A Stern Chase on a Lee Shore

"The wind is freshening; we gain upon her easily, I think, sir."

"Decidedly. This is our best point of sailing, and our best wind, too. We can't be going less than ten knots," said the captain, looking critically over the bows at the water racing alongside.

"I can almost make out the name on her stern now with the naked eye," replied the other, staring hard ahead through the drift and spray.

"Have you a glass there, Mr. O'Neill?" asked the captain.

"Yes, sir, here it is," answered that gentleman, handing him a long, old-fashioned, cumbrous brass telescope, which he at once adjusted and focused on the ship they were chasing.

"Ah!" said the elder of the two speakers, a small, slender man, standing lightly poised on the topgallant forecastle with the careless confidence of a veteran seaman, as he examined the chase through the glass which the taller and younger officer handed him; "I can read it quite plainly with this. The M-a-i-d-Maidstone, a trader evidently, as I see no gun-ports nor anything that betokens an armament." He ran the tubes of the glass into each other and handed it back, remarking, "At this rate we shall have her in a short time."

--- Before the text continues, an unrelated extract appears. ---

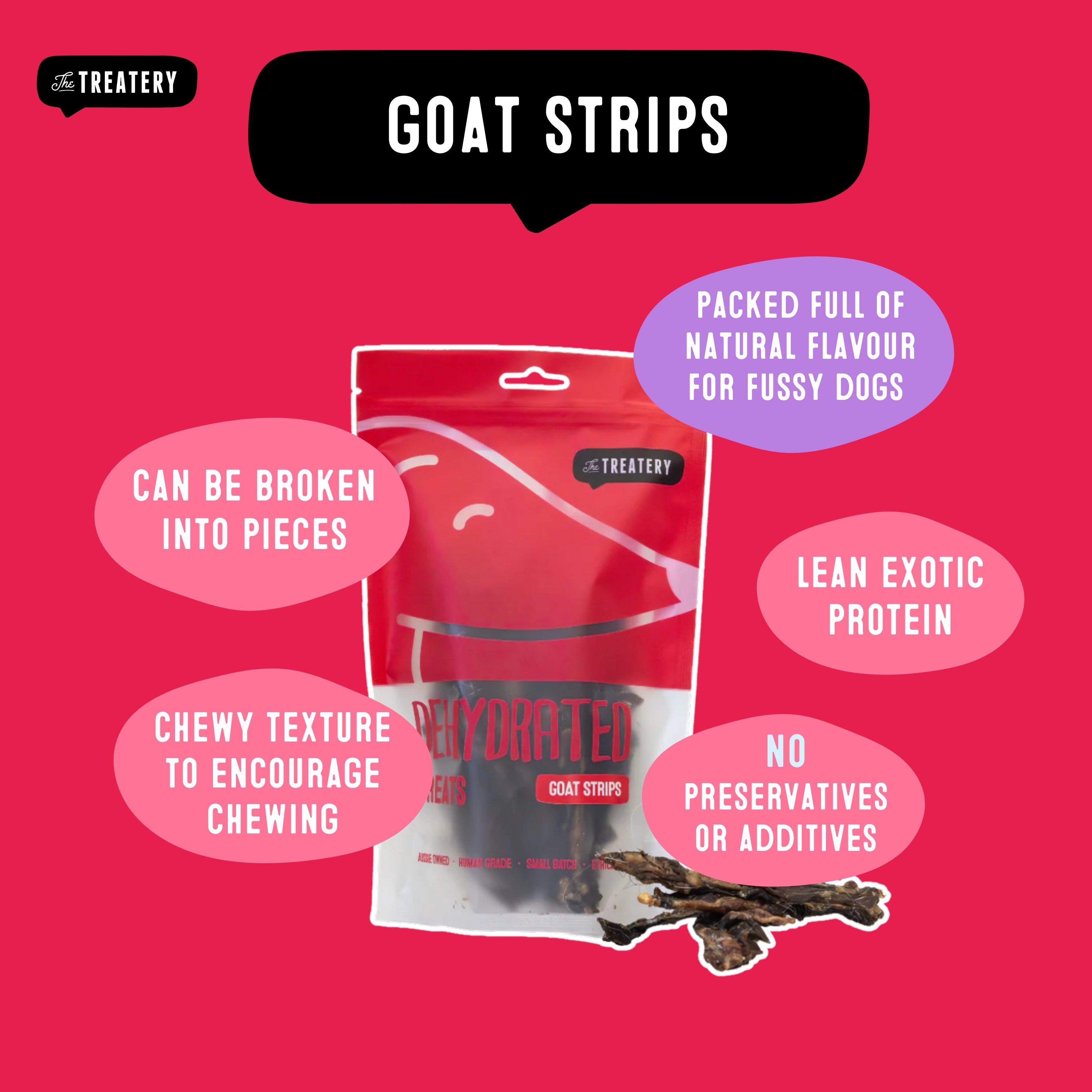 The Treatery goat dog strips lean exotic protein dehydrated goat dog treats with chewy texture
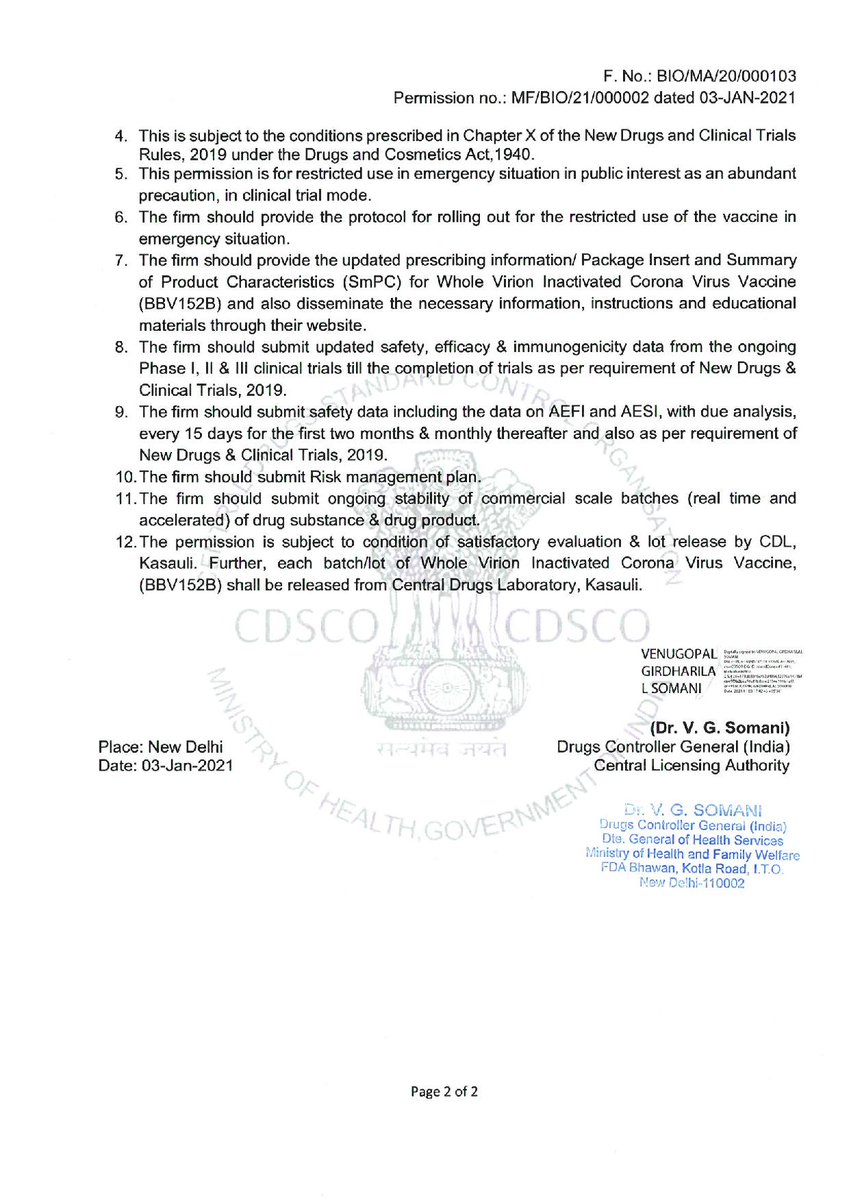 SEC recommended granting approval to the vaccine on 2 Jan.DCGI granted the permission on 3 Jan 2021 with indicated use as "for active immunization against Corona Virus Disease (COVID-19) for age >=12 years..." @CDSCO_INDIA_INF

"She is a fast one, though," replied the other; "it's no small task for anything afloat to show us her heels for so long a time; let me see-it was six bells in the morning watch when we raised her, was it not, sir?"

"Yes, 'tis rather remarkable going for a merchant vessel, but we have the heels of her and will get her soon unless she goes to the bottom on those reefs round the Land's End yonder. It's a nasty place to be tearing through in that wild way," he added thoughtfully.

"Shall I give her a shot, sir, from the starboard bow-chaser?"

"Not just yet; it would be useless, as we are not quite within range, and she would pay no heed; besides, we shall have her without it, and 'tis hardly worth while wasting a shot upon her at present."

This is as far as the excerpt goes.